Over the last decade, sustainability has moved from the margins to the mainstream. Governments have announced ambitious climate commitments. Corporates publish detailed ESG reports. Start-ups and social enterprises position themselves as drivers of environmental change. Across sectors, the language of impact has become commonplace.

Yet a critical question remains largely unanswered: how much of this impact is actually being measured?

We live in an era where sustainability claims are abundant, but evidence of outcomes is scarce. Projects are evaluated on intentions, activities, investments, and outputs rather than verified environmental results. The distinction may appear subtle. It is fundamental. Planting a million trees is an activity. Measuring how many survive after three years, and how much carbon they sequester, is an impact.

Installing water treatment infrastructure is an intervention. Demonstrating a sustained reduction in the pollution load entering a river is an impact. Launching a clean technology pilot is an experiment. Verifying reductions in emissions, waste, or resource consumption is an impact.

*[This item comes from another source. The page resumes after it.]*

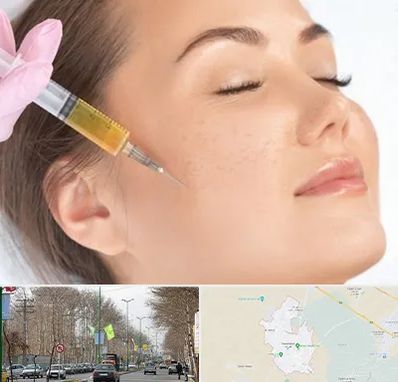 آموزش تزریق ژل و بوتاکس در نظرآباد کرج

India’s own audit record shows why this distinction matters. The Comptroller and Auditor General found that compensatory afforestation plantations in a particular corporate-funded project in Odisha had a survival rate of just 7.5 per cent between 2016-17 and 2019-20. In Uttarakhand, the audited survival rate was around 33 per cent, against a mandated 60 to 65 per cent. Millions of saplings were counted and reported. Far fewer trees are standing. The activity was real. The impact, in large part, was not.

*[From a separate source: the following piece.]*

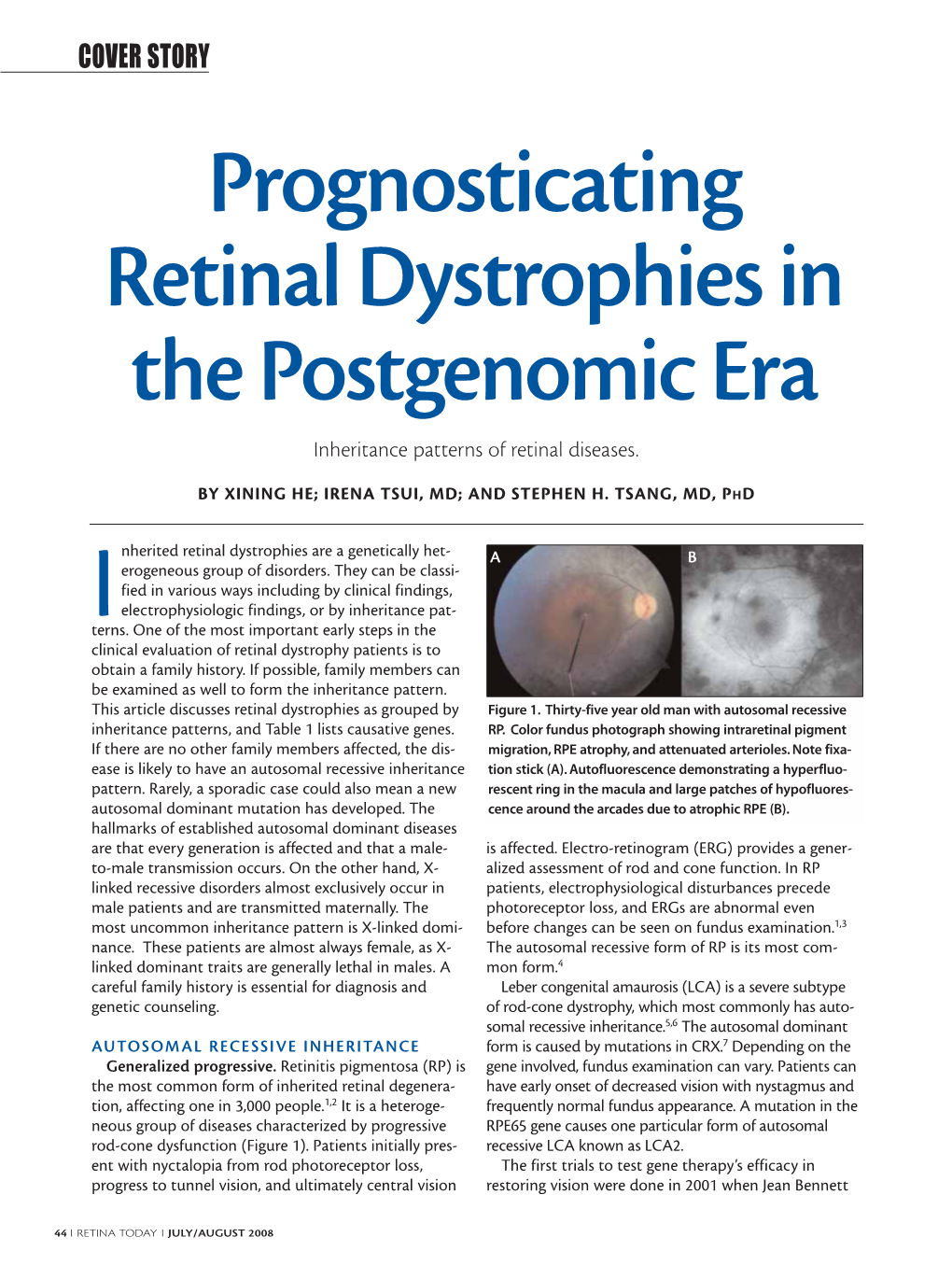 Prognosticating Retinal Dystrophies in the Postgenomic Era Inheritance Patterns of Retinal Diseases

One reason measurement remains difficult is that environmental outcomes are inherently complex. Air quality is shaped by weather, industrial activity, transport, and geography. Water quality depends on multiple pollution sources and ecological conditions. Waste management runs through fragmented value chains and informal systems. Measuring real-world impact, therefore, requires sound methodologies, credible baselines, independent verification, and long-term monitoring. It demands patience and honesty.

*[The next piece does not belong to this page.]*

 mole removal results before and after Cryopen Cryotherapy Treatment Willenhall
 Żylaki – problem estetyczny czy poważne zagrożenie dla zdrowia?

Not all environmental outcomes are equally easy to measure. In some areas, verification is relatively straightforward. Plastic recovery and recycling, for example, can often be tracked through collection records, weighbridge data, and material flow audits. Concepts such as plastic neutrality gained traction precisely because the underlying metrics could be measured and verified from the outset.

In other areas, measurement is considerably more complex. Biodiversity conservation provides a good example. It is relatively easy to count the number of saplings distributed or planted. It is far more challenging to determine how many survive after several years, whether native species have been restored, whether endangered plant populations have recovered, or how ecosystem health has changed over time. Yet these are the outcomes that ultimately matter. The challenge of measurement should not deter us from pursuing it; rather, it should encourage the development of better methodologies, stronger monitoring systems, and greater patience in evaluating impact.

Historically, many sustainability initiatives focused on reporting what was intended or what was done, rather than what changed and what happened after 2-3 years. This was understandable in the early stages of environmental action, when awareness and mobilisation were the primary objectives.

Today, the expectations are different. Investors increasingly seek evidence of measurable environmental returns. Policymakers require proof that interventions deliver public value. Citizens want transparency and accountability. Most importantly, the planet cannot afford solutions that merely look good on paper. The next phase of sustainability leadership will belong to organisations that can demonstrate outcomes, not simply describe efforts.

This shift is already underway. Results-based financing models are gaining ground globally. India’s Perform, Achieve and Trade scheme pays for measured and verified energy savings, not promised ones. Carbon markets are learning the same lesson the hard way: recent controversies over offset quality have shown that weak verification can undermine credibility and place billions of dollars of claimed climate benefits in question. Philanthropic funders, too, are increasingly demanding stronger evidence of impact from grantees.

India has an opportunity to lead this transition. The country has one of the world’s most vibrant innovation ecosystems, with entrepreneurs, researchers, local governments, and civil society developing solutions to our most pressing environmental challenges. And

the tools for verification have never been more accessible: continuous emissions and

effluent monitoring systems mandated by the CPCB for many high-polluting industries, satellite-based land-use mapping, and increasingly capable low-cost sensor networks have made large-scale environmental measurement far more feasible than it was a decade ago. What is needed now is a stronger emphasis on validating what works and rewarding demonstrated results.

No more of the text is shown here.